Wednesday, December 16, 2015

It's beginning to feel a lot like Christmas?

It's amazing what routine does for making it feel like Christmas. And this year routine has been thrown out the window. It's Christmas in a new house. It's different. And I have struggled the last few weeks to get that "Christmas feeling".  I decorated a few weeks ago. Our tree has been up for a couple weeks. Music and movies have been playing. But nothing. Only in the last couple days have I felt like I am kind of getting into the Christmas spirit.

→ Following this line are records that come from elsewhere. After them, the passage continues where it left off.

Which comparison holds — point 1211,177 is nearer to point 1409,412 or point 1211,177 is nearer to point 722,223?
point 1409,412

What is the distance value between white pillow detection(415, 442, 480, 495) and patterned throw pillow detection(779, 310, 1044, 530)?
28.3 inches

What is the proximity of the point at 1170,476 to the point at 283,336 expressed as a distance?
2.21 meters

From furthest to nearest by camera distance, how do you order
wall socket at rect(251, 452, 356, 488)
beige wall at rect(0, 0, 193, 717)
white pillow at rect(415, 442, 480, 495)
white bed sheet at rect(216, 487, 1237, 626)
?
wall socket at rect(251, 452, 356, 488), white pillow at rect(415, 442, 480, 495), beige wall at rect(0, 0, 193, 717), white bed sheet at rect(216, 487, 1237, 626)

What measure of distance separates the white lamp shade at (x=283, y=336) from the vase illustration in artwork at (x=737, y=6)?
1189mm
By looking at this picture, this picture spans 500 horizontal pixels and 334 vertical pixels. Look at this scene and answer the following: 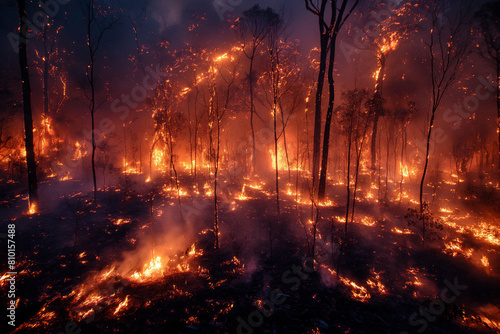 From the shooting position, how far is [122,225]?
905 centimetres

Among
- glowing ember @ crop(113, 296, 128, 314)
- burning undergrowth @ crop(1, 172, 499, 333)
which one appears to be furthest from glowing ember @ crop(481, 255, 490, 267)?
glowing ember @ crop(113, 296, 128, 314)

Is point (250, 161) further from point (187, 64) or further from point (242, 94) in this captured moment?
point (187, 64)

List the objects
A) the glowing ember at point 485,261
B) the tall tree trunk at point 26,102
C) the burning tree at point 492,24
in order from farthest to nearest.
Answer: the burning tree at point 492,24
the tall tree trunk at point 26,102
the glowing ember at point 485,261

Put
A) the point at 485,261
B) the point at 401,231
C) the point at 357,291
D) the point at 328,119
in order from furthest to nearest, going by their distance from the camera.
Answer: the point at 328,119, the point at 401,231, the point at 485,261, the point at 357,291

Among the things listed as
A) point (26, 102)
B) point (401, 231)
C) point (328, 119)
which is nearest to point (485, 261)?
point (401, 231)

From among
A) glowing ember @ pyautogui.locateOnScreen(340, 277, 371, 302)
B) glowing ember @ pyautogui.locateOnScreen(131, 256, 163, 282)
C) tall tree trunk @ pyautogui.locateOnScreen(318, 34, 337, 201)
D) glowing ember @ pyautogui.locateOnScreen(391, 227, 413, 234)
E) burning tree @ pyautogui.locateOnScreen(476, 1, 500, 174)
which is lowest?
glowing ember @ pyautogui.locateOnScreen(391, 227, 413, 234)

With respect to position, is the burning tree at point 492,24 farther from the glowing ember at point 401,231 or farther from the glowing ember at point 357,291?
the glowing ember at point 357,291

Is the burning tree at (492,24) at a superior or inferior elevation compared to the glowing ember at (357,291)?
superior

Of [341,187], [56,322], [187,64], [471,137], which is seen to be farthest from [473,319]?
[471,137]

Maybe it was the lack of snow, and now that we had a couple days of frost covering everything it feels more like Christmas. But I really think a lot of it is that we are in a new house. Routine is super important, especially when it comes to Christmas apparently! Decorating a new house just feels different. The decorations don't go in the same spots so it looks different. The town is new so there is different things they do for Christmas, and things they don't do that we really enjoyed in Sexsmith. It makes it feel different. I don't exactly know what made it change the last couple days, but it feels different, like something just clicked. It just feels like Christmas all of the sudden. But I am thankful that it did. Because I have enjoyed these last couple days. I've loved the time with my kids. And I know that future Christmas's here will start to feel routine. It's just a matter of time.

Tuesday, November 17, 2015

28 weeks later....

This blog has been rolling around in my head for a while. Surprisingly, or maybe not, this is the first time I have had a chance to write one like this.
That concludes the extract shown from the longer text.